The argument passed to the Analyzer() constructor specifies the API version that your application supports. This version follows the cQASM file versions. This ensures that you don’t get problems when a new version of libqasm comes out that supports a newer version; if the user then passes a file that’s too new, they get an error message stating the maximum version, rather than a cryptic error down the line when your application receives something from libqasm that it doesn’t understand.

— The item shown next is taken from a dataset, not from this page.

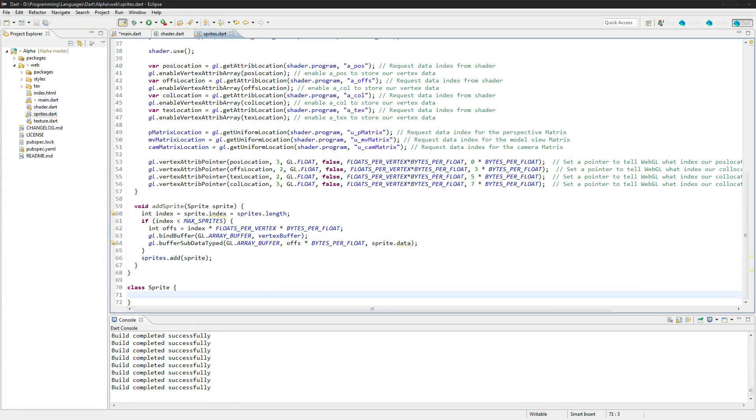Welcome to episode 13 of Gamedev. In this episode we're just going to be continuing on with the sprite class and we're actually going to be creating our sprites today.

The Analyzer() has an optional second argument, too. This is a boolean, named without_defaults, defaulting to False. When set to True, the process that registers the default instruction set and error models with the analyzer is skipped. You can then add instructions to the instruction set using the register_instruction() method:

Analyzer.register_instruction(
    name,
    param_types='',
    allow_conditional=True,
    allow_parallel=True,
    allow_reused_qubits=False,
    allow_different_index_sizes=False
)

The param_types argument specifies the allowed operand types for the instruction. Each character represents an operand:

  • Q = qubit;
  • B = assignable bit/boolean (measurement register);
  • b = bit/boolean;
  • a = axis (x, y, or z);
  • i = integer;
  • r = real;
  • c = complex;
  • u = complex matrix of size 4^n, where n is the number of qubits in the parameter list (automatically deduced);
  • s = (quoted) string;
  • j = json.

The rest of the parameters should be fairly obvious.

It is also possibly to disable the default instruction set and not add any instructions. In this case – rather than rejecting all cQASM files – libqasm will accept any instruction with any operand list, allowing you to do instruction set management yourself.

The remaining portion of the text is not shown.